Egypt must know be considered one of those hot spots.
Protesters took to the streets of the capital city, Cairo, today in what can be described only as a sign of discontent with the Mubarak government, which has ruled often with an iron fist for 30 years. (The protests continued into Wednesday morning, Cairo time and appeared to be met with a more pronounced police presence.)
Video of Tuesday's protests appeared on YouTube and regular updates appeared on social media sites, including Twitter, which the government tried to shut down.
Three people are confirmed dead, as NBC reports
Two protesters and a police officer were killed in the nationwide demonstrations inspired by Tunisia's uprising, which also demanded a solution to Egypt's grinding poverty and were likely to fuel growing dissent in a presidential election year.
Mobilized largely on the Internet, the waves of protesters filled Cairo's central Tahrir — or Liberation — Square on Tuesday, some hurling rocks and climbing atop armored police trucks.
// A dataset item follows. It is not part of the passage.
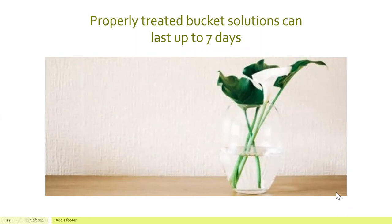The main point is properly treated bucket solutions can last up to seven days. If we all use that strategy as an industry, we can reduce our impact on freshwater supplies. I would suggest that you experiment in your own shop to find the optimum time to change your bucket solutions based on your individual practices. Different flower types may also have different rotation times in terms of how long the bucket solution can be used. And it's very important that you mix your flower food correctly.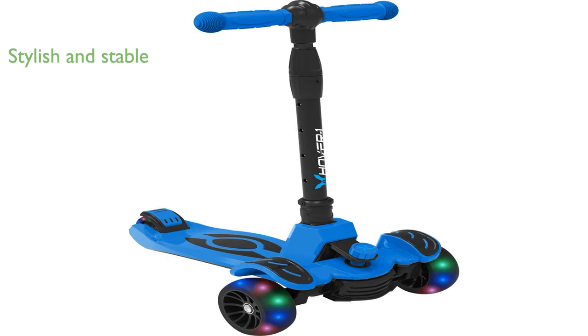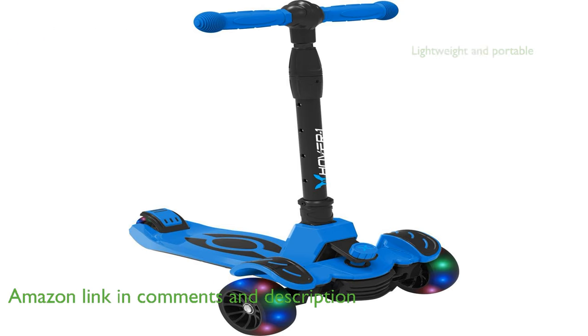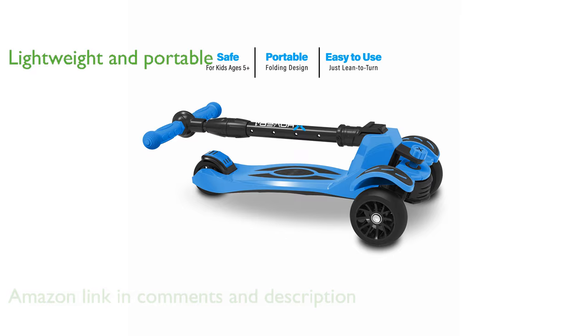The Hover-1 Vivid Kids Scooter offers a stylish ride with its lean-to-steer design and solid polyurethane tires, ensuring both stability and control. This lightweight scooter, weighing only 4.11 pounds, features a convenient folding system, making it easy to carry around.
"Down with Hosni Mubarak, down with the tyrant," chanted the crowds. "We don't want you!" they screamed as thousands of riot police deployed in a massive security operation that failed to quell the protests.That "tyrant" has long been an ally -- at least in name -- of the United States and it's that association that puts the Obama administration in a difficult situation:
Tunisia was considered one of the least likely to fall, but it fell. Across the region, opposition groups, hoping to repeat Tunisia's successes, are emboldened and increasingly active. For the first time, they know what change looks like. More importantly, they now believe it can happen in their own countries. But in the growing battle between Arab autocrats and popular oppositions, the U.S. is finding itself torn between the reliable allies it needs and the democratic reformers it wants. (Complete Atlantic report here.)For now, the people's rage is directed at the Mubarak family. Deutsche Welle reports that
The protests in Egypt, which organizers have vowed to carry on until dawn, are estimated to be the largest since President Hosni Mubarak took power nearly 30 years ago.
Protesters in Egypt's second largest city, Alexandria tore down a picture of 82-year-old Mubarak and of his son, Gamal, who many Egyptians believe is being groomed for office when his father steps down.
Demonstrators hung banners from buildings in Cairo reading "Revolution against oppression" and Down with Hosni Mubarak."One Middle East web site is reporting that Gamal Mubarak and his family have fled Egypt, though there has been no confirmation from other media sources I've accessed.
If the elder Mubarak maintains control of the security apparatus, he has a chance to remain in power. But he'll need to use that control wisely; if he were to unleash the police on the people, then he'll be under increasing calls to step down. Whether he would listen is not certain.